Saturday, September 27, 2014

Canadian Treasure

In Sydney Mines there is a small concrete shack down on Lockman's beach that holds a whole treasure of history. For years in the early days of the nineteenth century there was a influx of people from the Continent of Europe to Canada and the United States. The communication between the two continents was very slow as it took over a week for the fastest liner to cross the Atlantic and air travel was non existent.

Some men had a dream of crossing

the ocean with a cable that would be capable of carrying verbal and coded messages from the European Continent of Europe to Canada. Men of vision decided to manufacturing a cable that would cross the Atlantic and Sydney Mines was to be the Canadian landing site.

A great ship was built. It was called the Great Eastern and was specifically designed to hold cables of huge length and able to drop the cable in a manner so as to have it safe passage on the ocean floor.The cable was manufactured and the ship built and laying the cable was a huge task with very difficult problems to be overcome as the cable was being laid. There was no mapping of the ocean floor and the mountain ranges were unknown as were the extreme depths.

The men and their ship began the task and succeeded when many said it could not be done. The Great Eastern showed up on the shore of Cape Breton on time and anchored in the mouth of the harbour. A magnificent, standing tall out of the water as it's load had been deposited along the way across the ocean. The last piece of the cable was brought ashore and anchored in a small secure building. This feat was a wonder of the world at the time and shortly after the cable was put into service we had a secure, fast communication cable with Europe.
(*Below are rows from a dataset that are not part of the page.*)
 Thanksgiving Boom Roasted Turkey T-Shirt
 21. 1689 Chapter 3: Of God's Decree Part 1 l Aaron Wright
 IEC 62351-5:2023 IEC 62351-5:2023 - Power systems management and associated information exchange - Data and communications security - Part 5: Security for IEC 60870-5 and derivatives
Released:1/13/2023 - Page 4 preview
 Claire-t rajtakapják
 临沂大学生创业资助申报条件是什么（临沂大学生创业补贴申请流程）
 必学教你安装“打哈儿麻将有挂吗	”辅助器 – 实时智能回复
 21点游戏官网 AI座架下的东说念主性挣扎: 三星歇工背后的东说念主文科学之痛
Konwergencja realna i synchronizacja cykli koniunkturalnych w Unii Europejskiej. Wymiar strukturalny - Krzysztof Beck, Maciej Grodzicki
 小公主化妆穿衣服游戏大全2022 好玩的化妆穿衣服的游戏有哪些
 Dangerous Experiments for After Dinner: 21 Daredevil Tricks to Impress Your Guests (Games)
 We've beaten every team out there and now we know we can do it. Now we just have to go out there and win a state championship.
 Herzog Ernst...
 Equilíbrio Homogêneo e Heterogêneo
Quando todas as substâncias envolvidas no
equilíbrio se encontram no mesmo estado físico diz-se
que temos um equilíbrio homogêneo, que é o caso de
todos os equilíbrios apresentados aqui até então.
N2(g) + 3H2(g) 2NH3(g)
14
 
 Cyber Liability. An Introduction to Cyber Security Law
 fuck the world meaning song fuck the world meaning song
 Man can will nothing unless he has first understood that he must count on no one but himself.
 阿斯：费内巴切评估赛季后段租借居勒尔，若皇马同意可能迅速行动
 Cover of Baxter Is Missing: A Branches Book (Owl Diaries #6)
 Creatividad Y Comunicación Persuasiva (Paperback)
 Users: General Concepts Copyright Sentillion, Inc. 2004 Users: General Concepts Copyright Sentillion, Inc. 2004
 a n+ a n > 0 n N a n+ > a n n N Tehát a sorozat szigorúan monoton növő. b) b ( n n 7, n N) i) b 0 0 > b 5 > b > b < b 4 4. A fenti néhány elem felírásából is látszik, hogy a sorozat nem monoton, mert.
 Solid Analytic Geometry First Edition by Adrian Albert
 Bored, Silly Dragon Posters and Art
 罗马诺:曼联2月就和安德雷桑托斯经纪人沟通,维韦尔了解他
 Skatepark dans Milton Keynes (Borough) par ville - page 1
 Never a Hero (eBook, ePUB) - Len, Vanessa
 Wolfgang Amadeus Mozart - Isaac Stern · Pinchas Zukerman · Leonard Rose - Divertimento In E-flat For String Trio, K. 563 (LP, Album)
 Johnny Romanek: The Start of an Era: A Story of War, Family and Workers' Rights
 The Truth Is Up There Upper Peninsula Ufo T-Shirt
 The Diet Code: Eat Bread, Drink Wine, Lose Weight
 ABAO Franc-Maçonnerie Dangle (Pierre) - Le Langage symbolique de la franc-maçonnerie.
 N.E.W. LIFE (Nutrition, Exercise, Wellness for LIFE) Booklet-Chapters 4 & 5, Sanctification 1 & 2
It caused a revolution in the communication industry but Cape Breton was by-passed as the cable was pushed forward on land to large centers and the landing site was only a shack on the beach. Years later the cable was not used and better ways of communication were ried. As a child I saw the destruction of this historic site and people dug up the huge cable for scrap . There was no thought of making this site a historic place. There is not even a plaque to remember the historic event.

My father and Grandfather lived not one hundred meters from this site and never spoke of the event to me as a child.